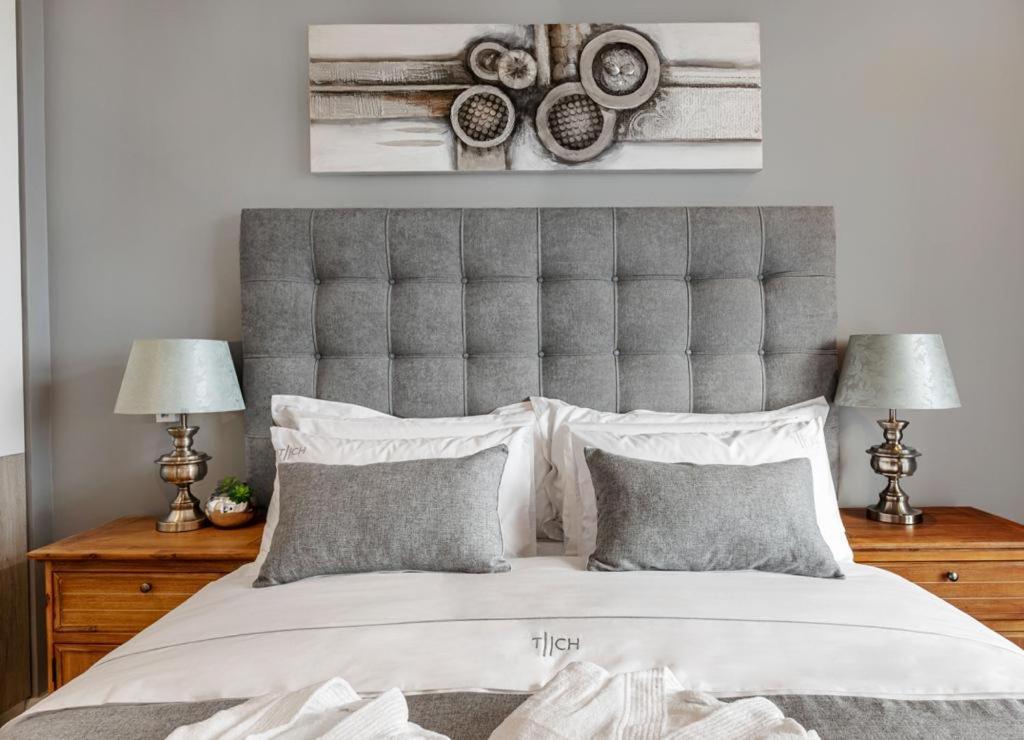 Menlyn Maine Residence Unit 1419 Pretoria Bagian luar foto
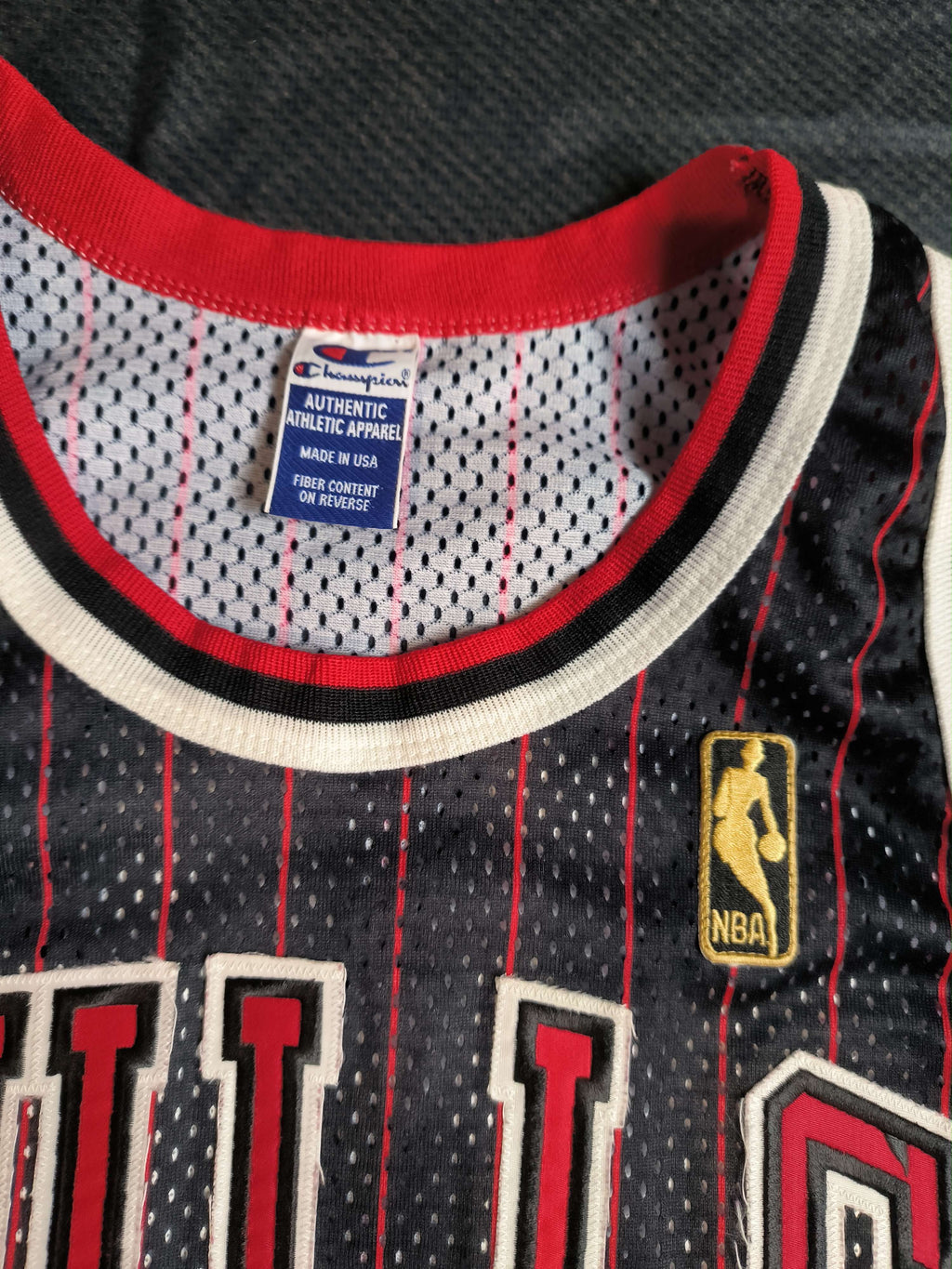 Chicago Bulls Michael Jordan Gold Logo Champion Authentic NBA jersey size 44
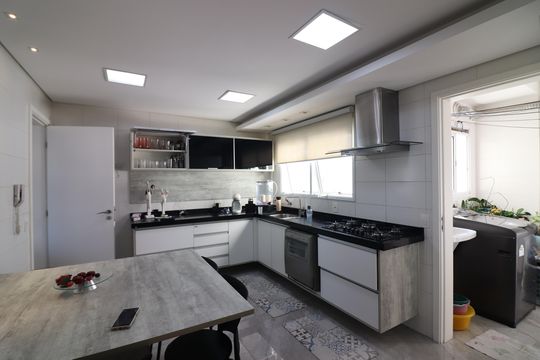Cozinha  de apartamento à venda com 3 quartos, 155m² em Nova Petrópolis, São Bernardo do Campo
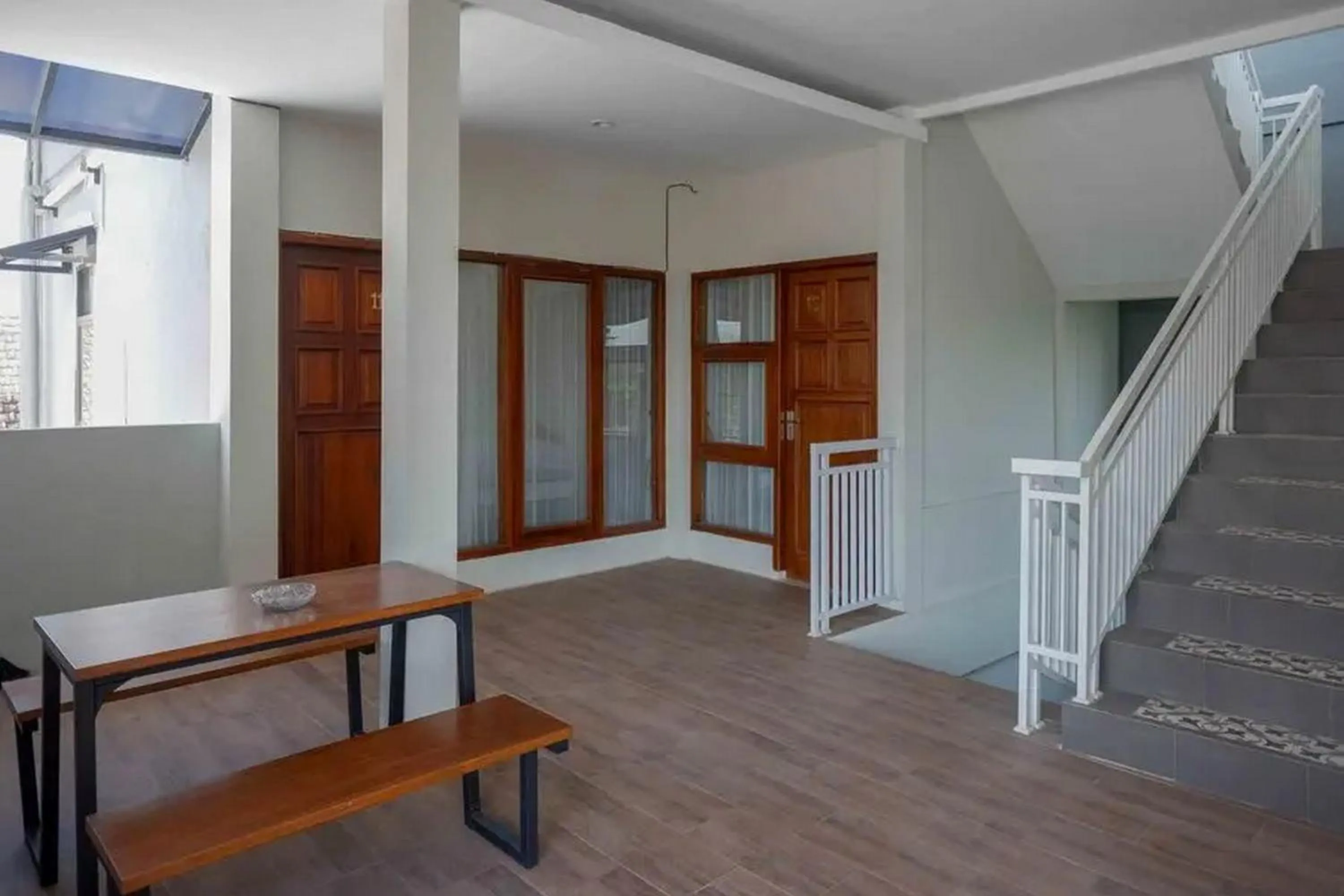 Seating area in Reddoorz near Stadion Kridosono Blora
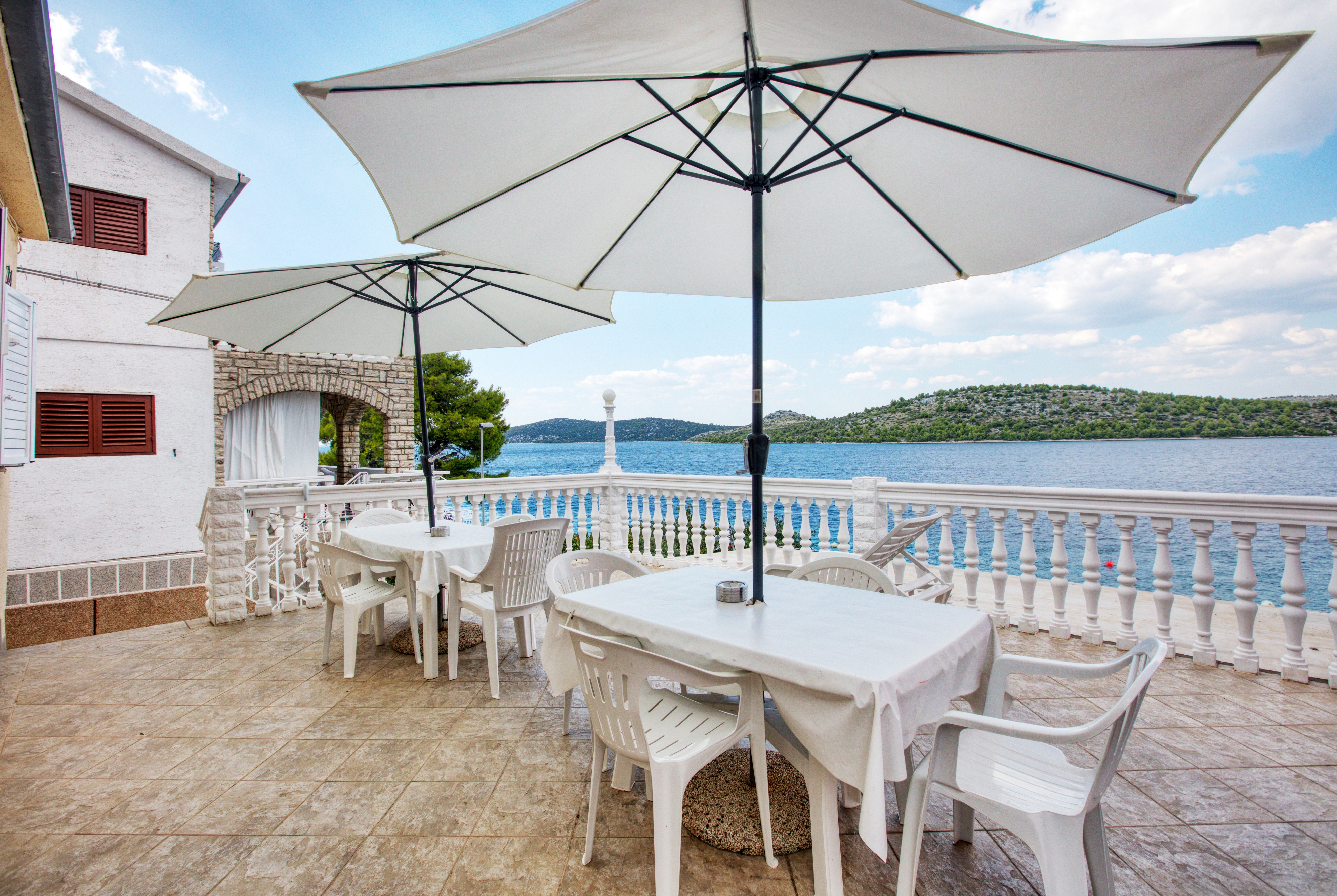 Three bedroom apartment near beach Šparadići, Šibenik  A-c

___

* What the exercise asks: Give back the full listing word for word, with the pictures left out.

* Written answer:
 Menlyn Maine Residence Unit 1419 Pretoria Bagian luar foto
 Chicago Bulls Michael Jordan Gold Logo Champion Authentic NBA jersey size 44
Cozinha  de apartamento à venda com 3 quartos, 155m² em Nova Petrópolis, São Bernardo do Campo
 Seating area in Reddoorz near Stadion Kridosono Blora
 Three bedroom apartment near beach Šparadići, Šibenik  A-c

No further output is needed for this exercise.